The primary aim of data automation is not to replace human expertise but to augment it. Automating the mundane and manual aspects of data handling frees up data professionals to channel their skills and intellect toward more impactful, high-value projects. This, in turn, empowers them to drive meaningful business outcomes, foster innovation, and truly harness the potential of data in advancing organizational goals.
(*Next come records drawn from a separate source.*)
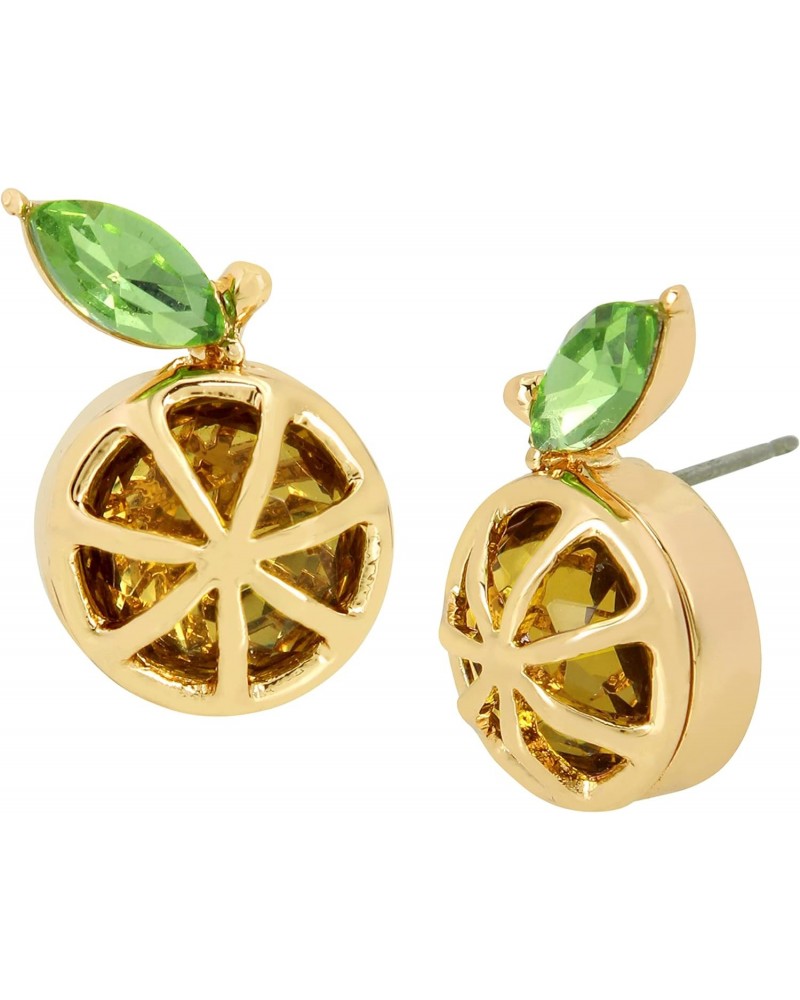 Betsey Lemon Slice Stud Earrings $16.74 Earrings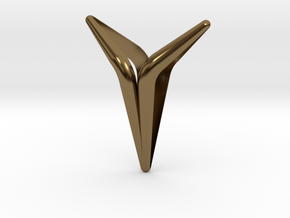 YOUNIVERSAL Smooth & Sharp, Pendant in Polished Bronze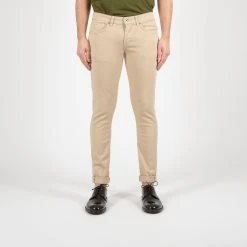 Dondup GEORGE UP232 COTTON TWILL TROUSER SAND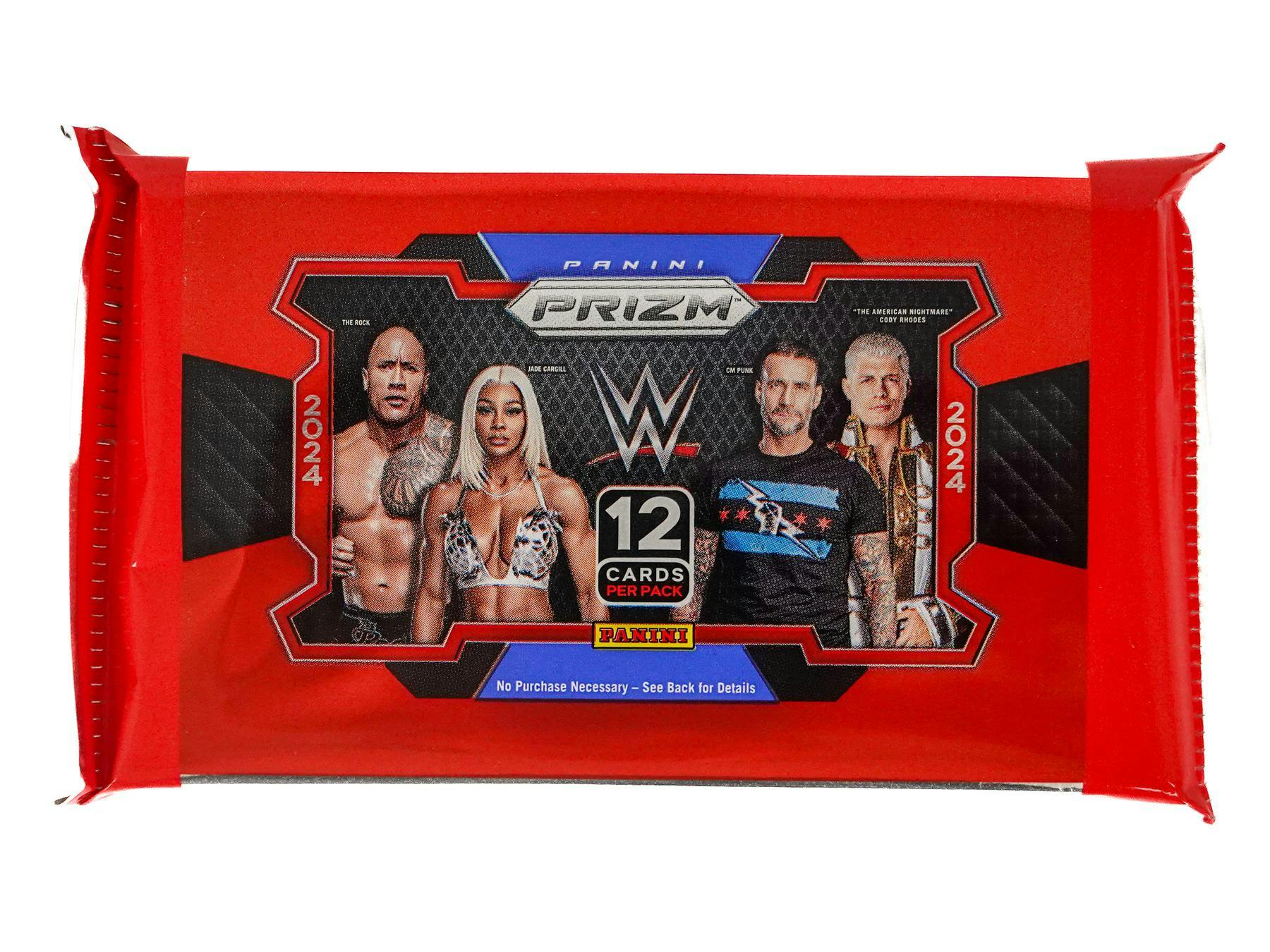2024 Panini Prizm WWE Wrestling Trading Cards Hobby Box - Collectible Sports Cards for WWE Fans & Card Collectors (Perfect for Trading, Gifts, and Display)
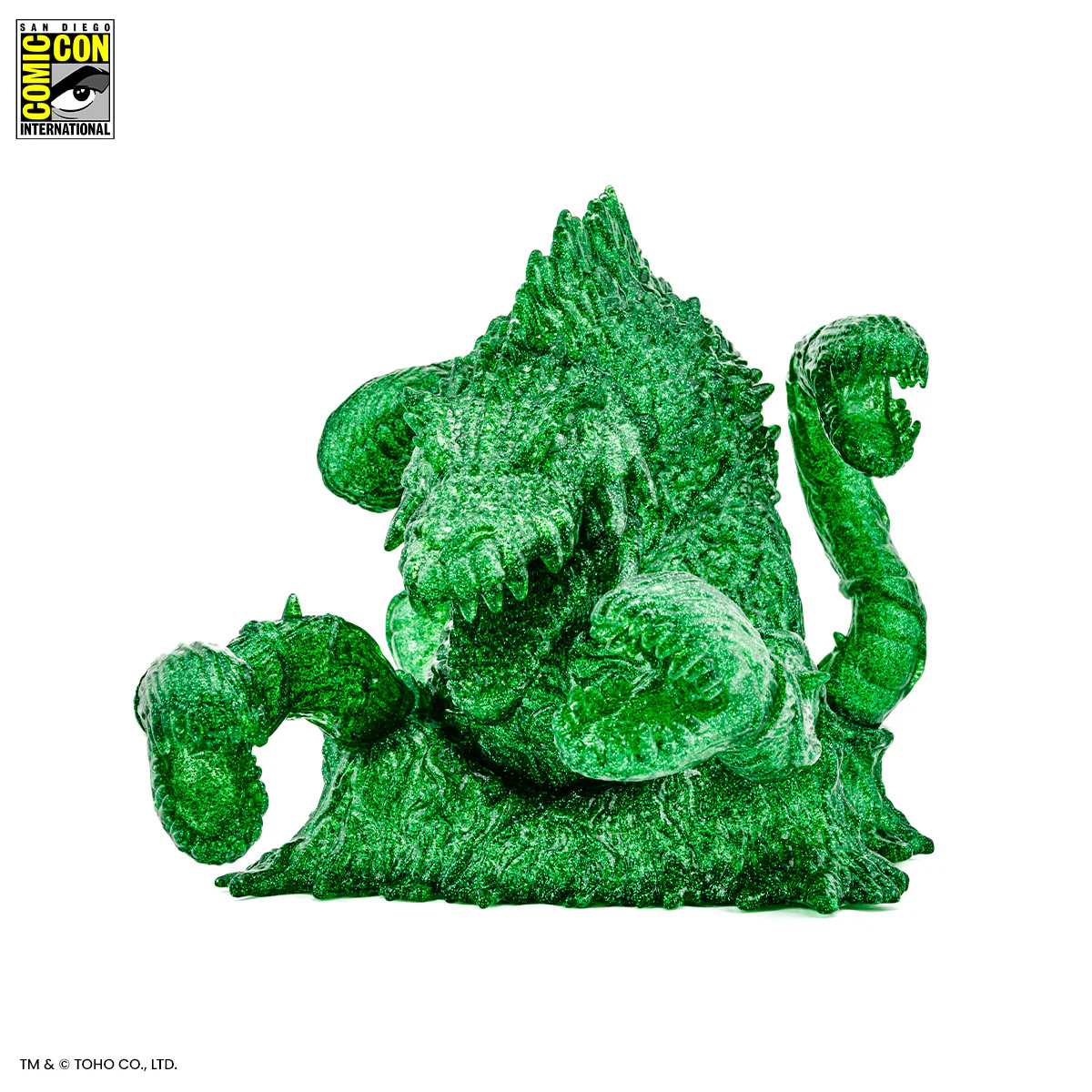 Biollante Soft Vinyl - Green Glitter Variant - Image 10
Differences Between Automating Data and Orchestrating Data

While the terms “automating data” and “orchestrating data” often find themselves used interchangeably in data engineering discussions, they serve distinct roles in the data lifecycle. Understanding the nuances between the two is vital for data professionals aiming to optimize their workflows and derive the most value from their data operations.

Purpose and Scope:

  • Automating Data: Data automation primarily focuses on leveraging technology to handle repetitive data processes without constant human intervention. It aims to eliminate manual, routine tasks, allowing data professionals to concentrate on more strategic activities that can directly benefit the business.
  • Orchestrating Data: Data orchestration refers to the coordinated management and execution of different data-related tasks in a specific sequence or flow. It’s about ensuring that multiple data processes, which could be automated or manual, interact seamlessly and execute in the right order for a desired outcome.

Human Involvement:

  • Automating Data: The main objective is to reduce the need for continuous human intervention in routine tasks, providing professionals with more time for in-depth analysis, strategy development, and high-level decision-making.
  • Orchestrating Data: While it may involve some automated processes, orchestration often requires human oversight to ensure that data tasks are coordinated effectively and that dependencies between tasks are managed properly.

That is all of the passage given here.